### What you have to do:
Copy the entries exactly. Leave out any pictures.

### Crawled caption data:
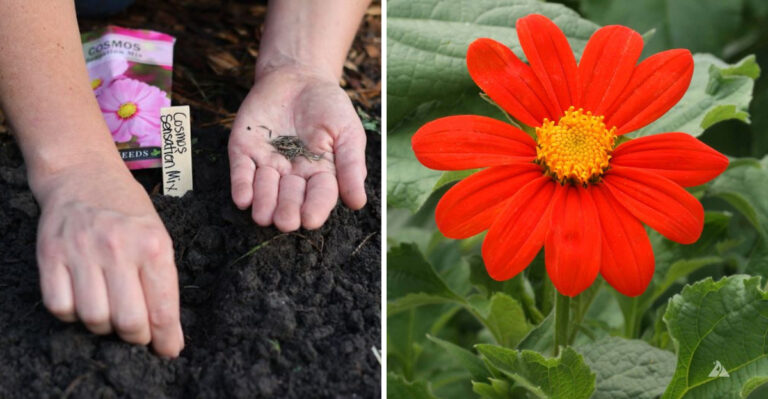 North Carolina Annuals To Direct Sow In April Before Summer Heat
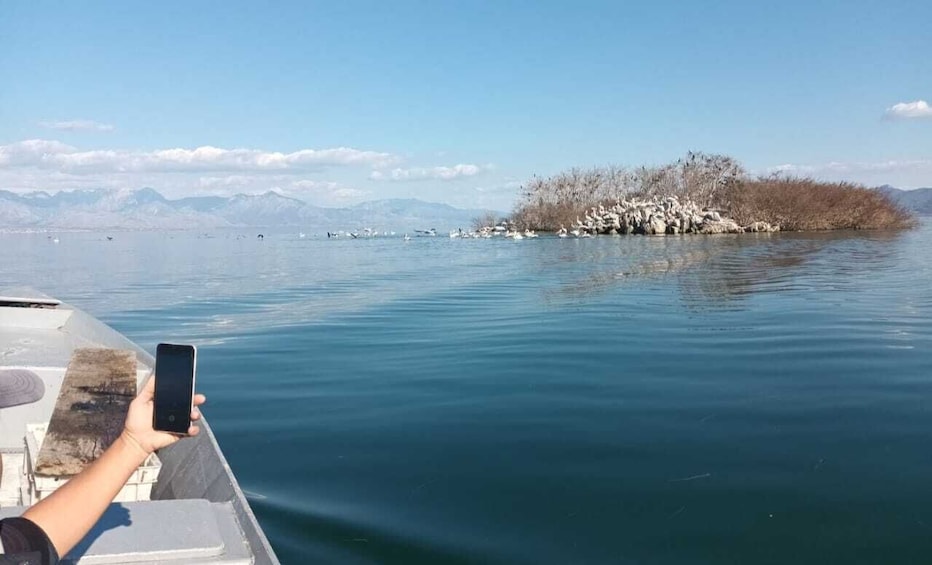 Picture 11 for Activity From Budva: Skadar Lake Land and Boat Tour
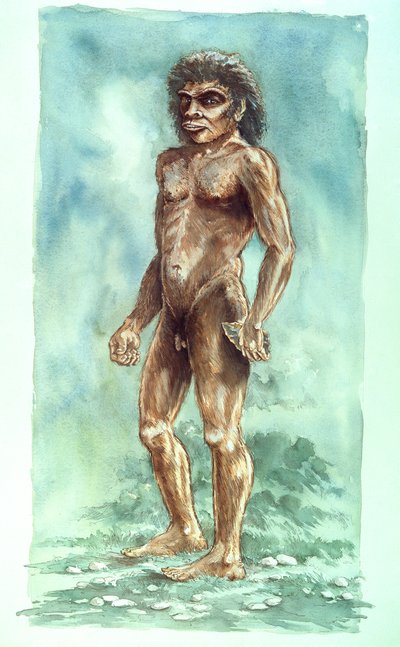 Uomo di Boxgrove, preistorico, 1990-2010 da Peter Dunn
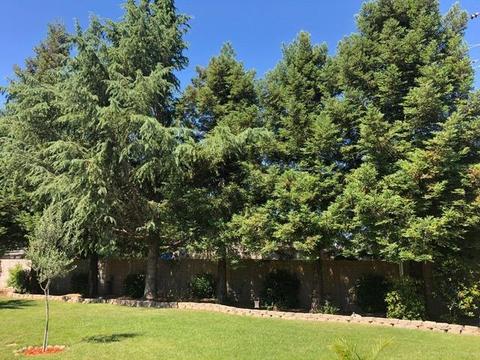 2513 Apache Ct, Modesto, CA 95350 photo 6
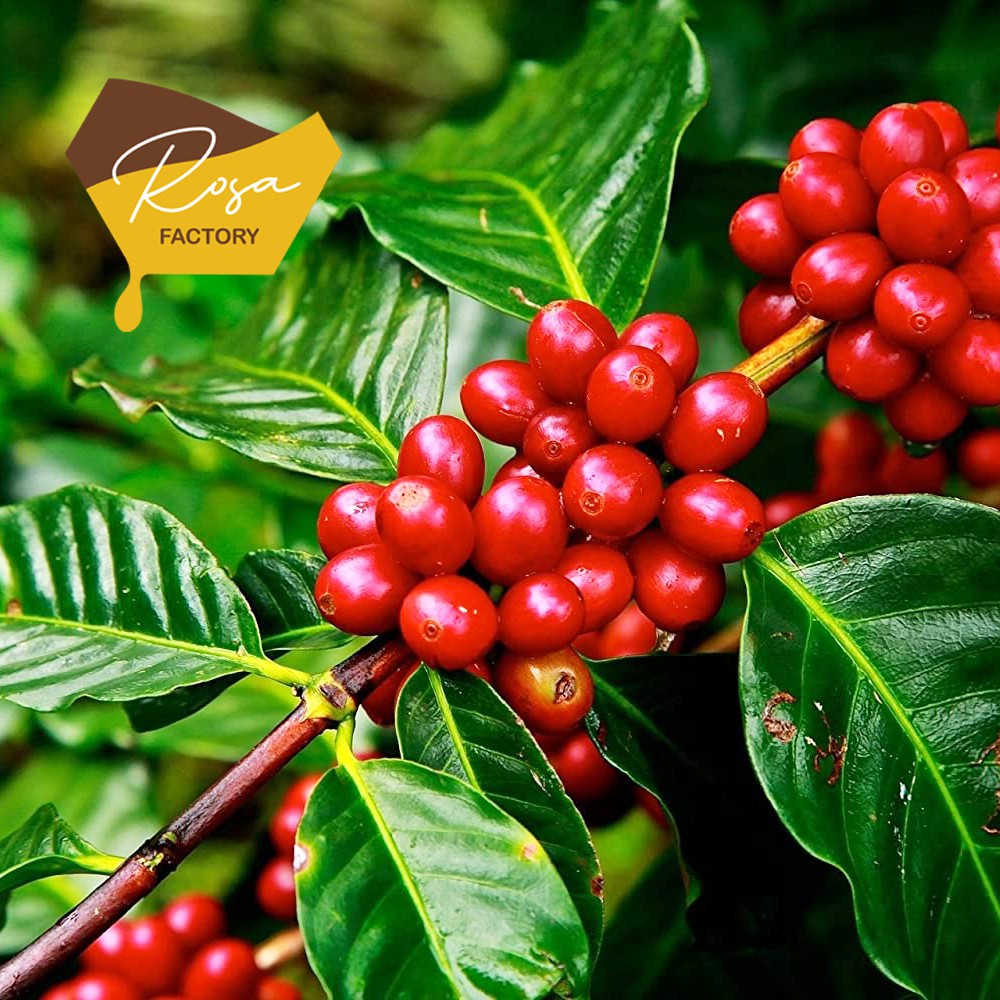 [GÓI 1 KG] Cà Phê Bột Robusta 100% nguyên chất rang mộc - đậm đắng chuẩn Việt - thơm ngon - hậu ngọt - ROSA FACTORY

### Result for this exercise:
 North Carolina Annuals To Direct Sow In April Before Summer Heat
 Picture 11 for Activity From Budva: Skadar Lake Land and Boat Tour
 Uomo di Boxgrove, preistorico, 1990-2010 da Peter Dunn
 2513 Apache Ct, Modesto, CA 95350 photo 6
 [GÓI 1 KG] Cà Phê Bột Robusta 100% nguyên chất rang mộc - đậm đắng chuẩn Việt - thơm ngon - hậu ngọt - ROSA FACTORY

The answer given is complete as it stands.